Infine, Mazzino Montinari (L’eroe nelle tenebre. Torri, trincee e replicanti. Addormentarsi in un mondo che non cambia) prende in esame le vicende di John Patrick O’Neill, responsabile della sicurezza del World Trade Center nel momento dell’attentato terroristico dell’11 settembre 2001. O’Neill, ripreso come personaggio dal romanzo The Looming Tower di Lawrence Wright (da cui è stata tratta una serie televisiva nel 2018), anche se sembrerebbe avere tutti i presupposti per incarnare la figura dell’eroe, nella realtà, non pare aver minimamente contemplato la possibilità di un midpoint, un punto di svolta che permetta di cambiare l’ordine delle cose: egli, infatti, probabilmente intende solo proteggere l’esistente. Anche il protagonista di La vita agra di Luciano Bianciardi (romanzo portato sullo schermo da Carlo Lizzani), mossosi per modificare l’esistente (far saltare in aria il “torracchione” della Montedison a Milano, colpevole di una strage in miniera), alla fine, sembra cedere ai ritmi del miracolo economico, abbandonando il suo proposito iniziale.

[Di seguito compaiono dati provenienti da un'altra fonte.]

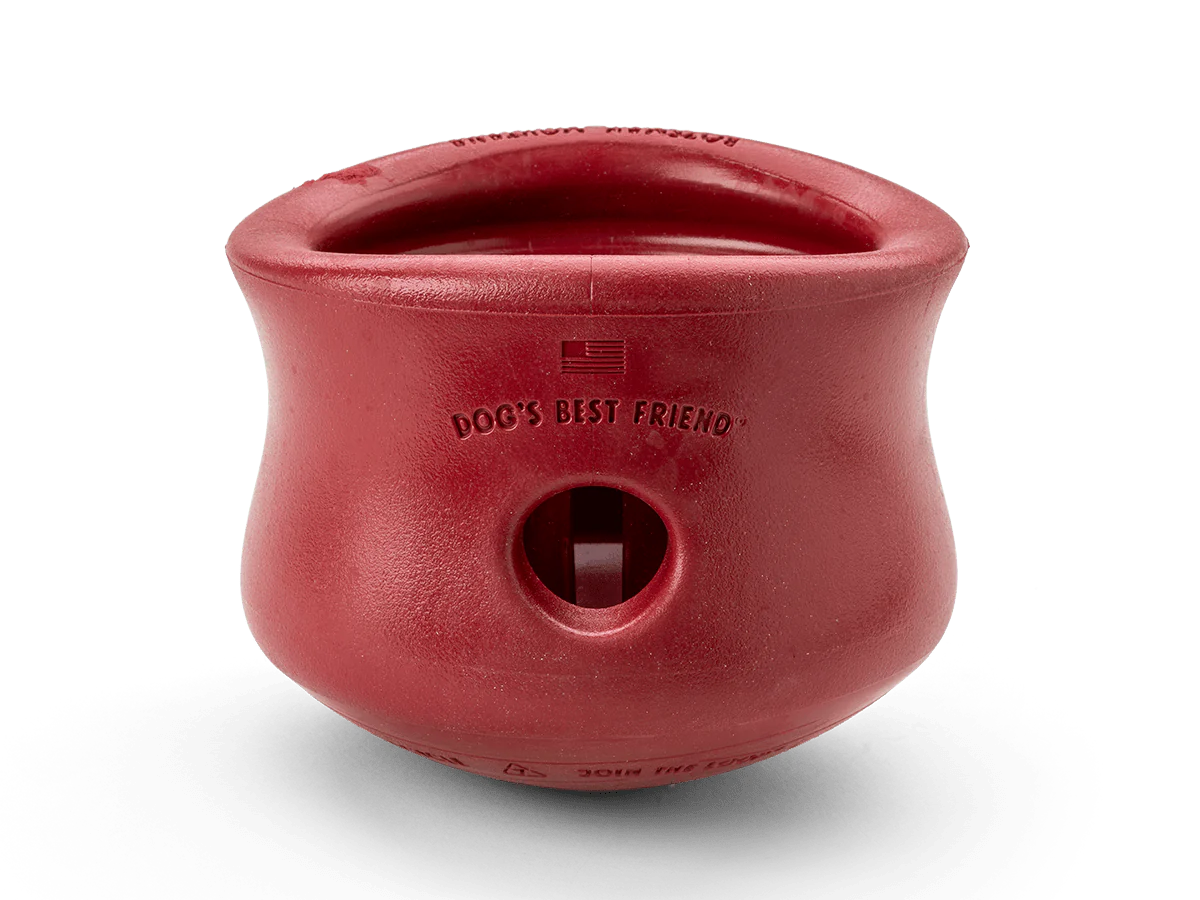 West Paw Zogoflex Toppl Treat Toy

Per concludere, si potrebbe affermare che, perché un “eroe” sia veramente antagonista, è necessario che oltrepassi quel famigerato midpoint e che si lanci verso un proposito o una meta finale, costi quel che costi. E, forse, suggestionati dagli interessanti spunti offerti dal volume, si potrebbe intravedere un personaggio di questo tipo in due figure: una dell’antichità e una della modernità. Il primo potrebbe essere il Dioniso protagonista delle Baccanti di Euripide, il dio che giunge a Tebe da Oriente, dopo aver percorso un lungo viaggio, e non retrocede di fronte a nulla. Incarcerato dal re Penteo, per vendetta sferrerà il suo attacco contro lo “spazio striato” – per utilizzare un’espressione di Deleuze e Guattari – della città. Il secondo, invece, potrebbe essere il vampiro in Dracula di Bram Stoker: un altro ‘nomade’ che, giunto dallo “spazio liscio” di lontane e perturbanti lande orientali, sferra un attacco fino al proprio auto-annientamento, alla Londra capitalista e cuore economico dell’Occidente. Due “eroi” antagonisti (forse non ‘positivi, ma proprio per questo antagonisti fino in fondo), abitatori dello spazio “liscio”, che portano con sé il proprio bagaglio di immaginario eversivo per minare alle fondamenta una quotidianità che sempre uguale si ripete, intrappolata negli ingranaggi del lavoro e della produzione incessante.